Conclusions and Discussion

Main Conclusions

  1. Theoretical Feasibility: Transformers can theoretically solve COGS tasks through flat pattern matching without hierarchical representations.
  2. Key Mechanism: Masking prepositional phrase nouns is crucial for avoiding attraction errors.
  3. Learning Problem: Current Transformer failures are learning problems rather than capability limitations.
  4. Error Predictability: Specific baseline model errors can be accurately predicted based on flat processing assumptions.

Limitations

  1. Manual Construction: The RASP model is hand-designed rather than learned.
  2. Vocabulary Constraints: Assumes part-of-speech and verb-type mappings are known, does not address vocabulary generalization.
  3. Language-Specific: Focused on English; applicability to other languages remains unknown.
  4. Task-Specific: Model is specifically designed for COGS, not a general language model.

Future Directions

  1. Learning Algorithms: Research how to enable Transformers to learn similar masking rules.
  2. Training Objectives: Explore data augmentation, curriculum learning, reinforcement learning, and other methods.
  3. Architecture Improvements: Design better inductive biases to promote compositional generalization.
  4. Multilingual Extension: Validate method effectiveness on other languages.

In-Depth Evaluation

Strengths

  1. Theoretical Contribution: Clarifies the theoretical capability boundaries of Transformers through constructive proof.
  2. Methodological Innovation: The proposed flat solution challenges assumptions about the necessity of hierarchical representations.
  3. Empirical Rigor: Detailed error analysis and predictive validation strengthen conclusion credibility.
  4. Engineering Completeness: Provides complete reproducible code and detailed implementation documentation.
  5. Deep Insights: Attraction error theory provides new perspectives for understanding Transformer failures.

Weaknesses

  1. Practical Limitations: RASP models run extremely slowly, suitable only for research rather than practical applications.
  2. Missing Learning: Does not address the core question of how to enable Transformers to automatically learn these rules.
  3. Limited Evaluation Scope: Primarily focuses on structural generalization with insufficient attention to vocabulary generalization.
  4. Strong Assumptions: The assumption that part-of-speech mappings are known may be unrealistic in practical applications.

Impact

  1. Theoretical Impact: Provides new theoretical frameworks and analytical tools for compositional generalization research.
  2. Methodological Impact: RASP analysis methods may be widely applied to other Transformer capability studies.
  3. Practical Guidance: Provides specific technical directions for improving Transformer training.

Applicable Scenarios

  1. Research Tool: As a theoretical tool for analyzing Transformer capabilities.
  2. Benchmark Testing: Provides reference implementations for evaluating compositional generalization capabilities.
  3. Educational Resource: Helps understand Transformer internal mechanisms.
  4. Algorithm Design: Provides inspiration for designing better compositional generalization algorithms.

References

  1. Kim, N., & Linzen, T. (2020).
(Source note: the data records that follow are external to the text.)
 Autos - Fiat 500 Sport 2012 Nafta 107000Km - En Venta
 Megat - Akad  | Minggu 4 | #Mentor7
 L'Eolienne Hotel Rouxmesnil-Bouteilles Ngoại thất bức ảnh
COGS: A compositional generalization challenge based on semantic interpretation. EMNLP 2020.
  2. Wu, Z., Manning, C. D., & Potts, C. (2024). ReCOGS: How incidental details of a logical form overshadow an evaluation of semantic interpretation. TACL.
  3. Weiss, G., Goldberg, Y., & Yahav, E. (2021). Thinking like transformers. NeurIPS 2021.
  4. Zhou, H., et al. (2023). What algorithms can transformers learn? A study in length generalization. arXiv preprint.
  5. Zeller, A., et al. (2023). Grammar coverage. In The Fuzzing Book.
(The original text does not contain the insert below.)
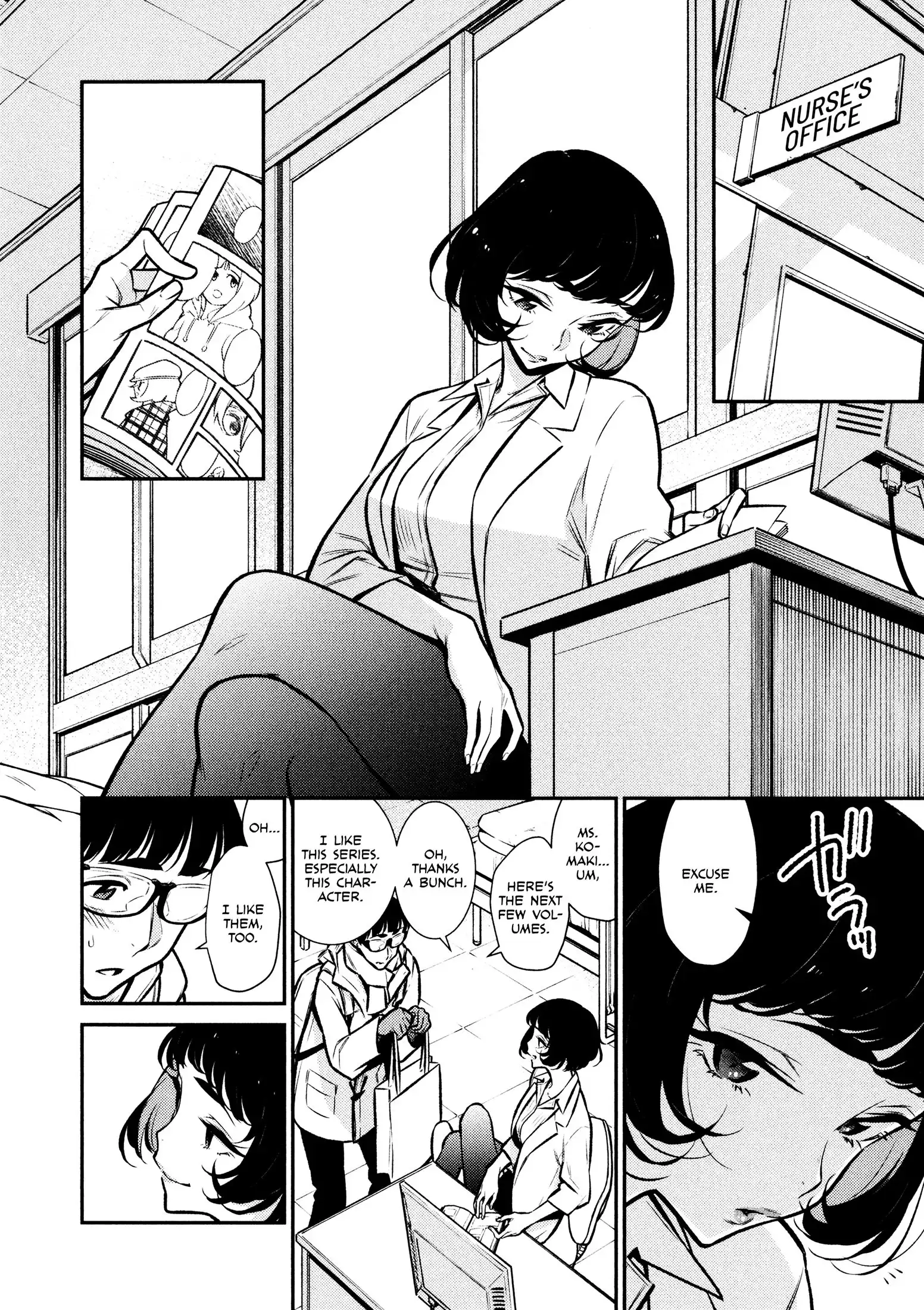 Yancha Gal no Anjo-san Chapter 62 10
Through rigorous theoretical analysis and empirical validation, this paper provides important insights into understanding Transformer capabilities and limitations on compositional generalization tasks. While it has certain practical limitations, its theoretical contributions and methodological innovations hold significant value for advancing related research.